Common issues and solutions when using Skyulf.


"Unknown transformer type"

Your step's transformer string does not match any registered node in the NodeRegistry.

Fix: Check spelling and casing. Use the exact key from the Configuration page (e.g., OneHotEncoder, not one_hot_encoder).


"Unknown model type: ..."

The type value in your modeling config is not registered.

Fix: Ensure you are using one of the 20 supported model keys listed in Configuration - Modeling config. If using XGBoost, install the extra: pip install skyulf-core[modeling-xgboost].


Resampling errors about non-numeric columns

Oversampling / undersampling (SMOTE, RandomOverSampler, etc.) require all features to be numeric.

Fix: Apply an encoder (e.g., OneHotEncoder or OrdinalEncoder) before any resampling step in your preprocessing config.


SMOTE not found / ImportError

The imbalanced-learn package is an optional dependency.

Fix:

pip install skyulf-core[preprocessing-imbalanced]

XGBoost ImportError

XGBoost estimators are optional and not installed by default.

Fix:

pip install skyulf-core[modeling-xgboost]

Optuna / TuningCalculator ImportError

Hyperparameter tuning with Optuna requires the tuning extra.

Fix:

pip install skyulf-core[tuning]

Target column not found after encoding

If your target column is categorical and you apply OneHotEncoder with drop_original=True, the target column may be dropped or expanded.

Fix: Always run TrainTestSplitter (which separates X and y) before encoding.
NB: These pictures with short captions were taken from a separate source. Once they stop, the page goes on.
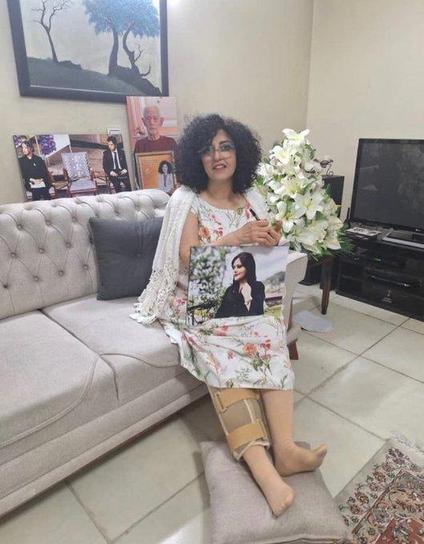 Narges Mohammadi, holding a photograph of Mahsa Amini, at home after her release from Evin Prison in Tehran, Iran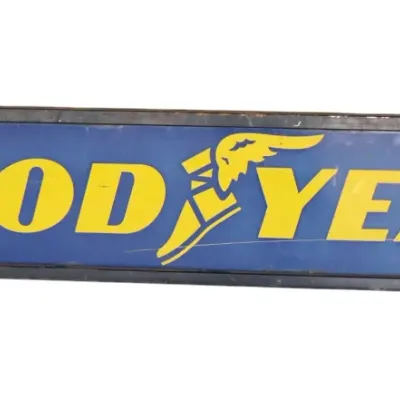 Sale Photo Thumbnail #263: Vintage Goodyear tires advertising sign featuring yellow lettering and the winged foot logo on a blue background, set in a metal frame.
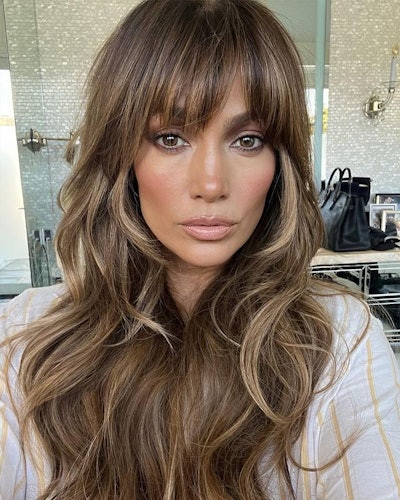 Jennifer Lopez blunt bangs with highlights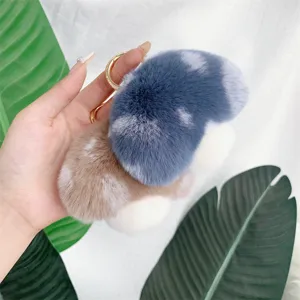 Close-up of soft mushroom plush charms in pastel blue and tan faux fur with gold ring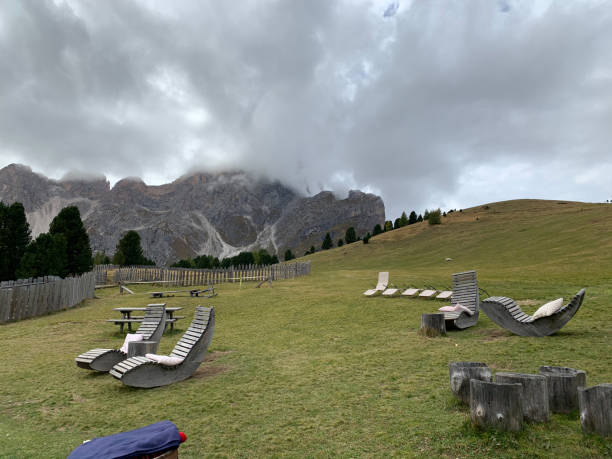 istock Clouds over grassland in the Alps 1271270544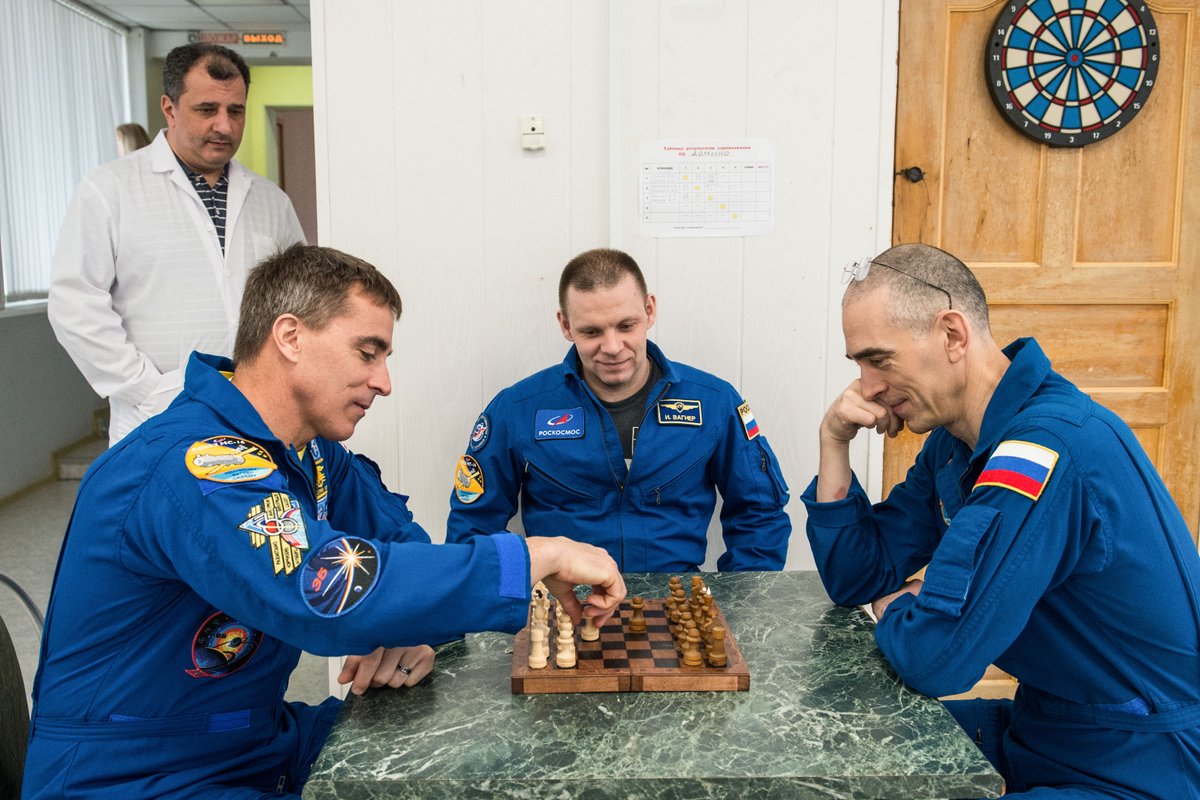 To celebrate the 50th anniversary of the first Cosmos - Earth chess game, the Museum of the Cosmonautics in Moscow is organizing a chess event that will give two people the chance to play against the cosmonaut Anatoly Ivanishin (playing back in this photo), currently on the ISS.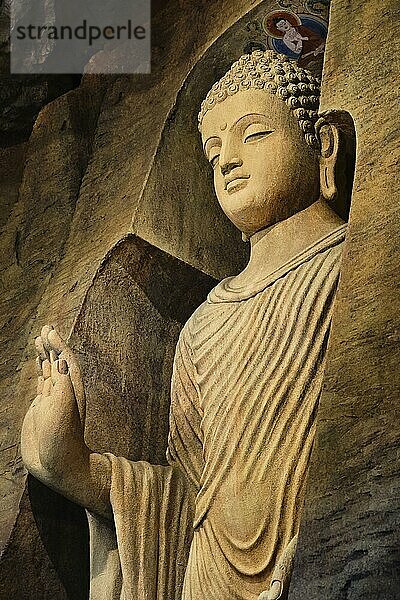 Stehende Buddhastatue in Mönchskleidung  die in eine Kalksteinhöhle gemeißelt und von Licht beleuchtet ist. Rechte Hand in Adhay Mudra Geste. Religion  Tradition  Gebet  Meditation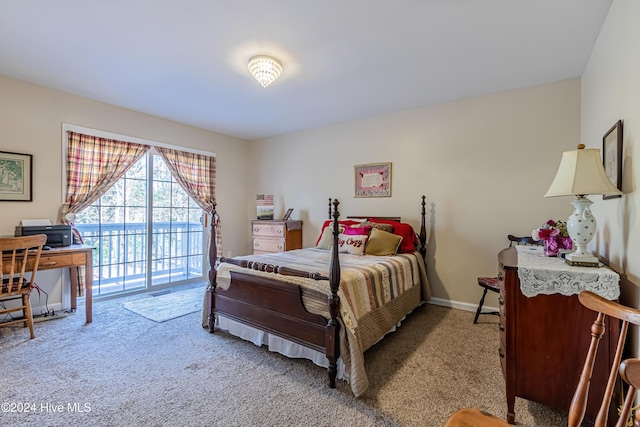 bedroom with access to exterior and light colored carpet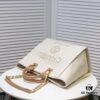 69305311f09edb6de4c4ef0e Chanel Tote Bag - Striped Canvas Beach Shopping Bag with Chain, Resort Style for Spring and Summer
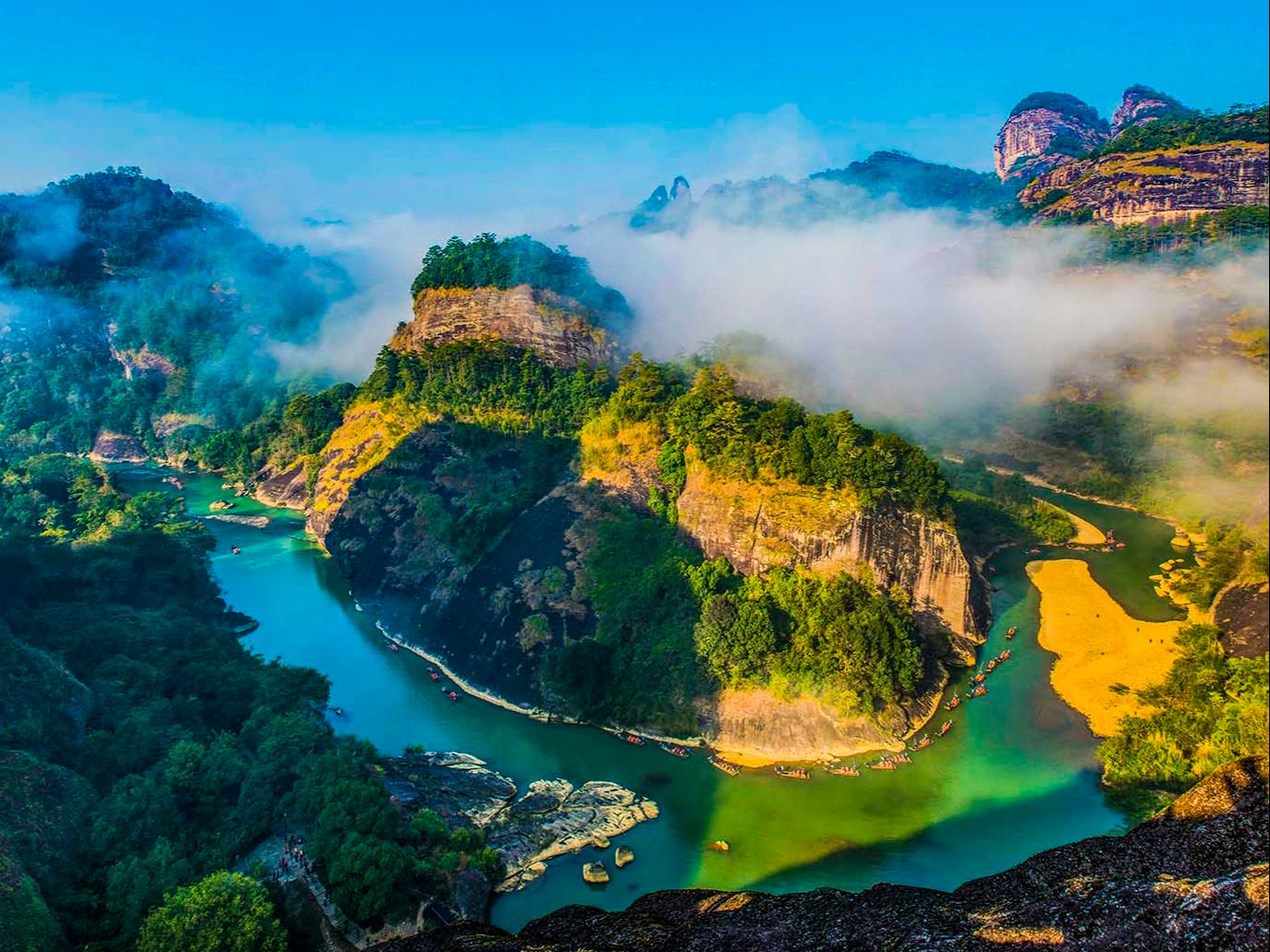 The Nine Bend Stream curling around mist-wrapped cliffs at Mount Wuyi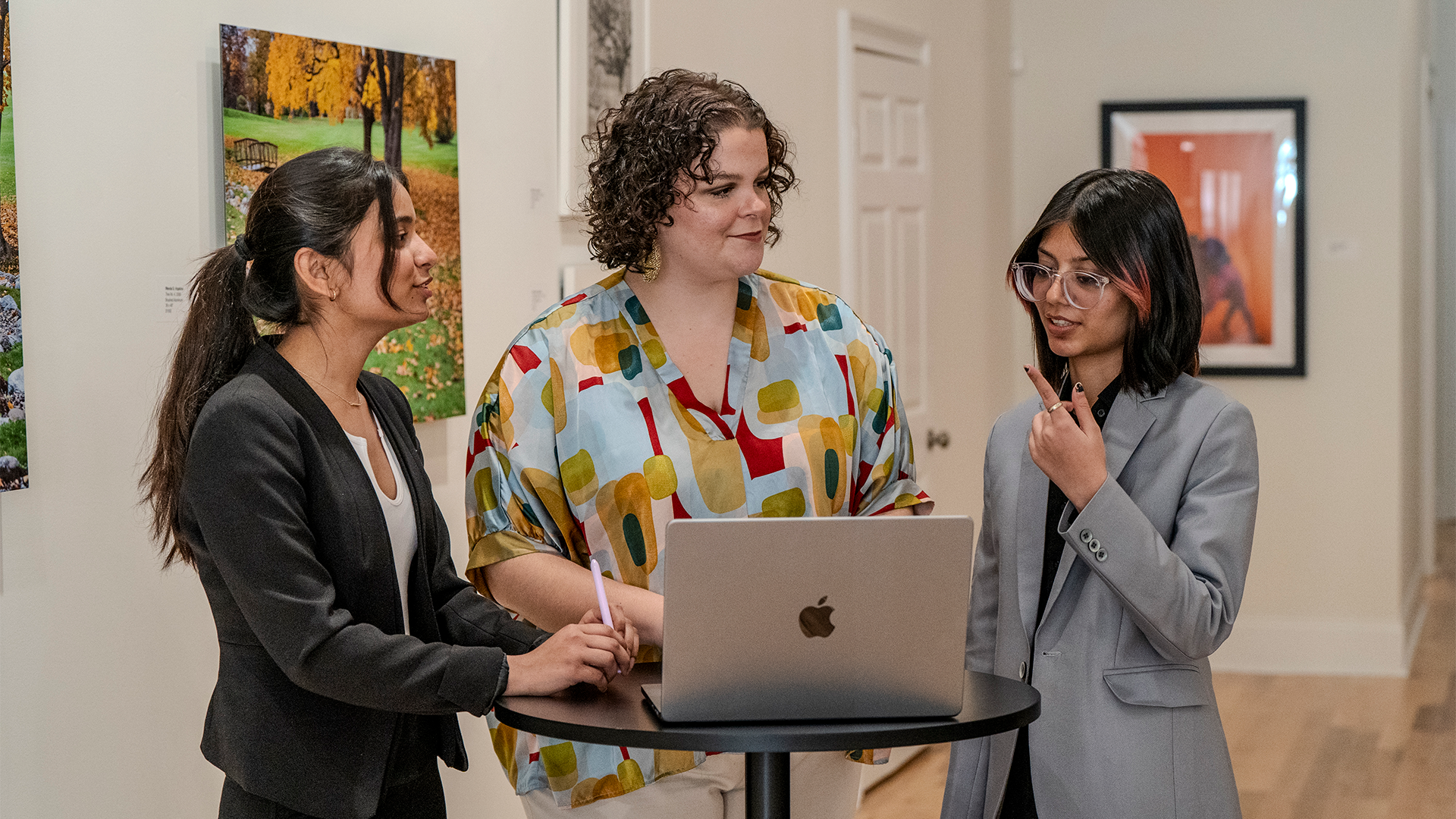3 students in front of a laptop, conversing about a project
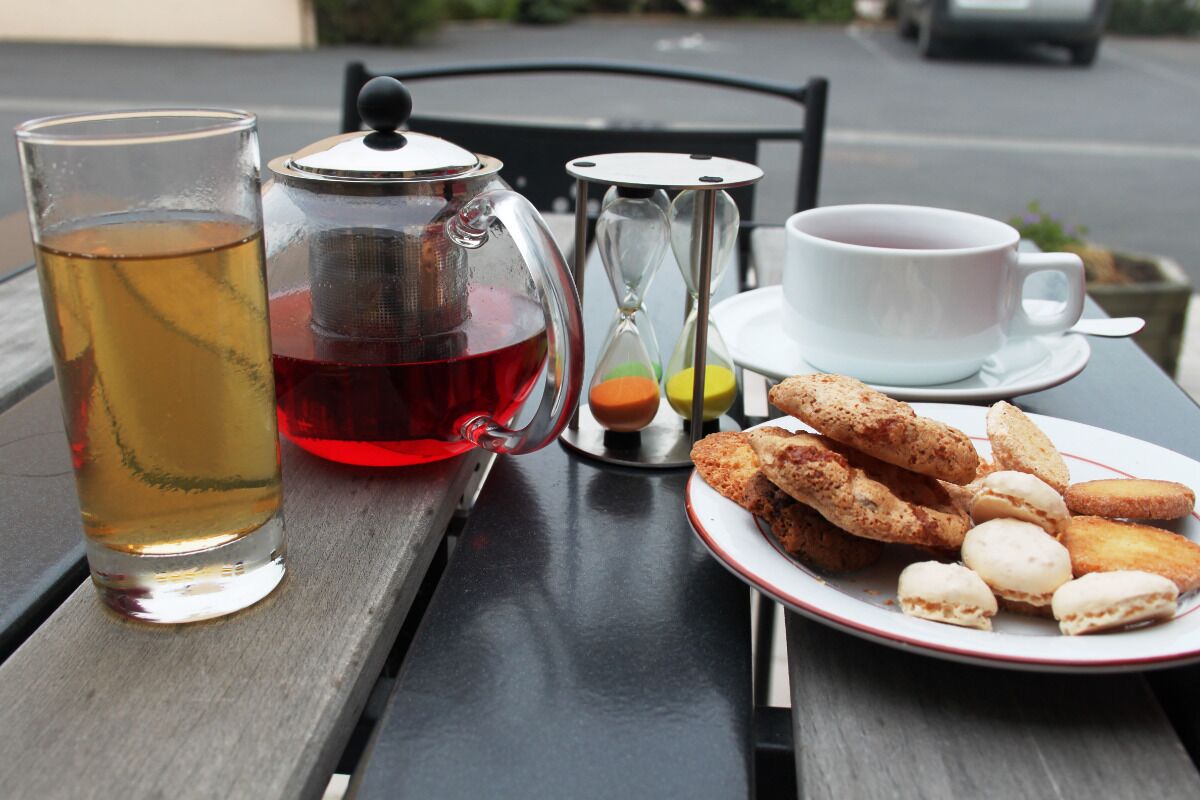 A table with a glass of tea, a teapot, an hourglass, a cup of tea, and a plate of pastries.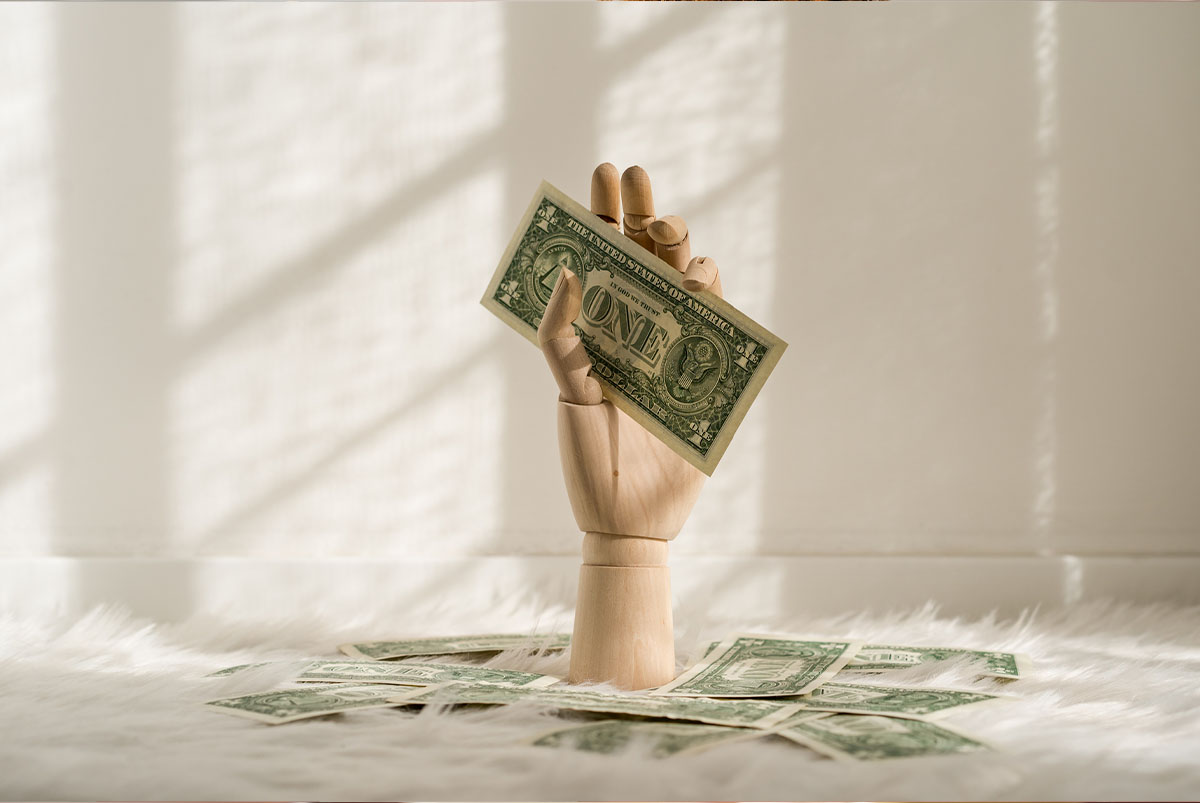 Hand with Dollar bills
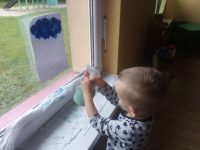 Chłopiec wykonujący deszczowa chmurkę przy pomocy spryskiwacza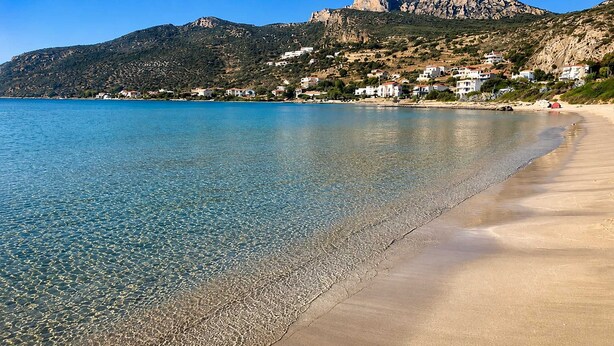 Ein Strand mit klarem Wasser, sandigem Ufer und Gebäuden im Hintergrund.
This ensures the target is safely stored in y and never touched by the encoder.


Pickle loading errors

If SkyulfPipeline.load() fails, the saved model was pickled with a different library version.

Fix: Ensure compatible versions of:

  • Python (same minor version, e.g., 3.10.x)
  • scikit-learn (same minor version)
  • pandas (same major version)

Pin versions in requirements.txt for reproducibility across environments.


Polars version mismatch

Skyulf requires polars >= 1.36. Older versions may cause schema or type errors during data ingestion.

Fix:

pip install --upgrade polars

Celery / Redis connection refused (full platform)

The backend's async task queue requires a running Redis instance.

Fix:

  1. Ensure Redis is running: redis-cli ping should return PONG.
  2. Check CELERY_BROKER_URL in your .env file (default: redis://localhost:6379/0).
  3. If using Docker: docker-compose up redis.

Feature scaling produces NaN

Standard scaling can produce NaN or Inf if a column has zero variance (all identical values).

Fix: Remove constant columns before scaling, or use auto_detect: True in the StandardScaler params - it automatically skips non-numeric and constant columns.